The Opposite House reads like a book written by the love child of Virginia Woolf and Gabriel Garcia Marquez, assuming either had been from Cuba. It's a story filled with yearning for a native country, or for the memory of a native country, despite the fact the main character, Maja Carmen Carrera, only has one memory left of her childhood. Twenty years later she's pregnant with her boyfriend Aaron's baby, and living in London. Still, that one memory goes along with her, haunting her dreams.

The book is shot through with so much internal conflict the pain is often palpable, and sometimes raw. An African Cuban, she doesn't feel she fully belongs in either the world with her memory of Cuba or in an England that doesn't completely feel like home, either:

"I was seven years old when we came here. I've come to think that there's an age beyond which it is impossible to lift a child from the pervading marinade of an original country, pat them down with a paper napkin and then deep-fry them in another country, another language like hot oil scalding the first language away. I arrived here just before that age."

It's the lushness of the language, though, that's the dominating factor in what makes this such a wonderful book. The sensuous language is woven throughout:

"The day was hot but gentle; beneath its healing steam lay granite, decrepit wood, rocks gloved in blanched sand. The harbour water caught sunlight in layered hoops of petrol-coloured dirt and tried to keep its clarity secret, but the divers told. Small, earth-brown boys kept bobbing up, their backbones hacking out of their skin, hair plastered to their heads, coin pouches around their waists rattling as they added new handfuls of slick bronze to their store."

The Opposite House is told in alternating narrative, flashing between Maja's story and the fantastical, alternate reality of a girl named Yemaya, whose connection with Maja really is never completely spelled out. Rather, it's a more spiritual connection, a reaching across the dimensions between two souls who don't feel fully at home, or at ease, and whose searchings lead them almost to each other, in a sort of alternate reality that lies between them. It has a lot to do with feeling alien, never able to feel you fit into a culture, but not able to go back, either, because that door has closed. It's this door, between the two worlds, that seems to be Oyeyemi's target, this ethereal, intangible "door" that won't open for either Maja or Yemaya, and it's this reality that frustrates the both of them. Yet, neither can forget the past, and they carry the weight of it with them while trying to make their lives elsewhere. They are a part of several cultures but don't completely belong to any one:

"I strip to my underwear and I study myself in the mirror; it is a bronzed sorrel woman with a net of curly hair who looks back, and she does not look Jamaican or Ghanian or Kenyan or Sudanese - the only firm thing that is sure is that she is black. Mami says only Cubans look like Cubans; put three Cuban girls together - white, black, Latina, whatever - and you just see it."
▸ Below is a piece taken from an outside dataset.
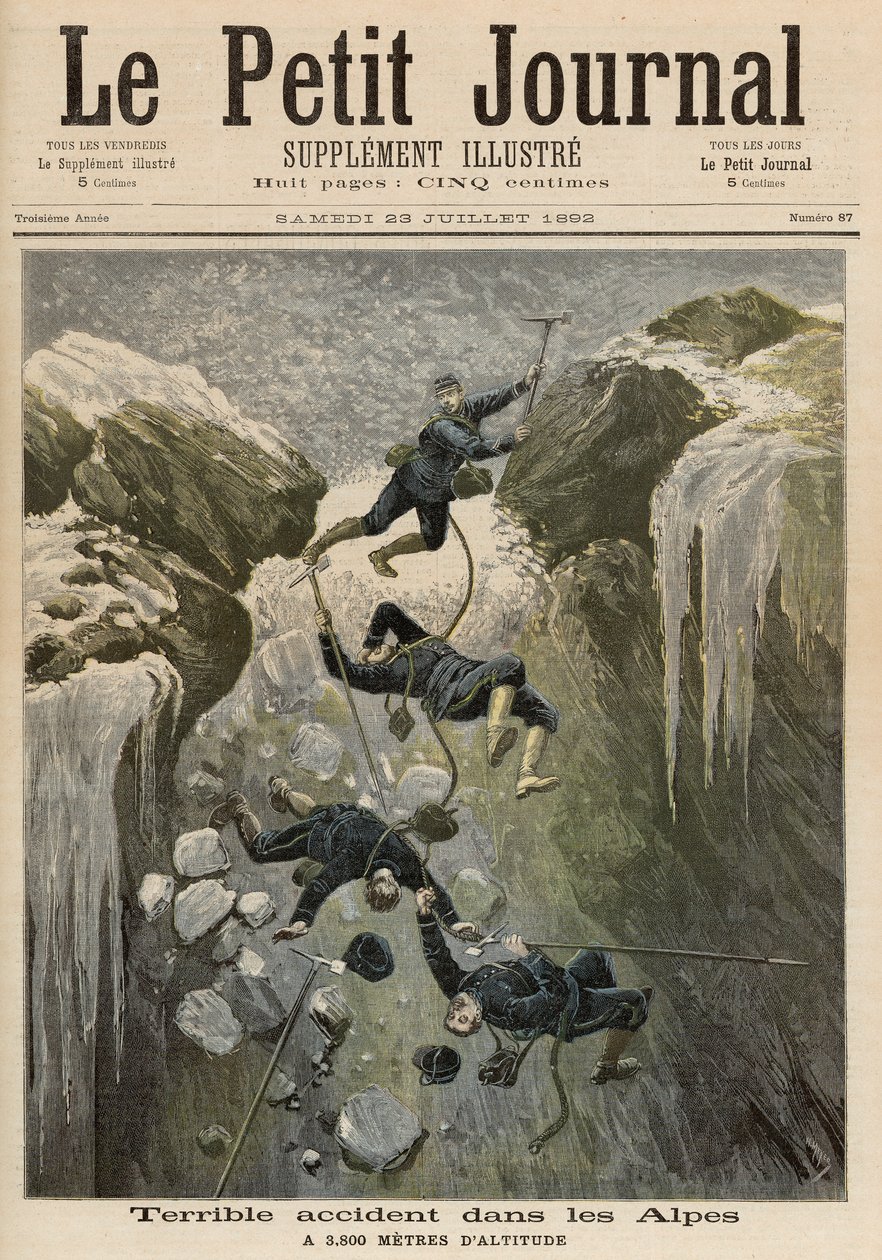Um terrível acidente nos Alpes, de &39;Le Petit Journal&39;, 23 de julho de 1892 de Fortune Louis Meaulle and Henri Meyer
Ultimately, both women are strong. They are survivors. Despite their feelings of disconnection, they carve out lives for themselves in an adopted land that at the least is rich in opportunity and the potential for making a good life. And it's through the beauty of Oyeyemi's prose that the reader is able to explore not just the complexity of Maja and Yemaya, but also the tenuous link that binds them to each other. And the result is a gorgeous book, rich in luxuriant prose that's a treat to read.

"She fled to be born. She fled to be native, to start somewhere, to grow in that same somewhere, to die there. She didn't know just then that she wasn't quickening toward home, but trusting home to find her."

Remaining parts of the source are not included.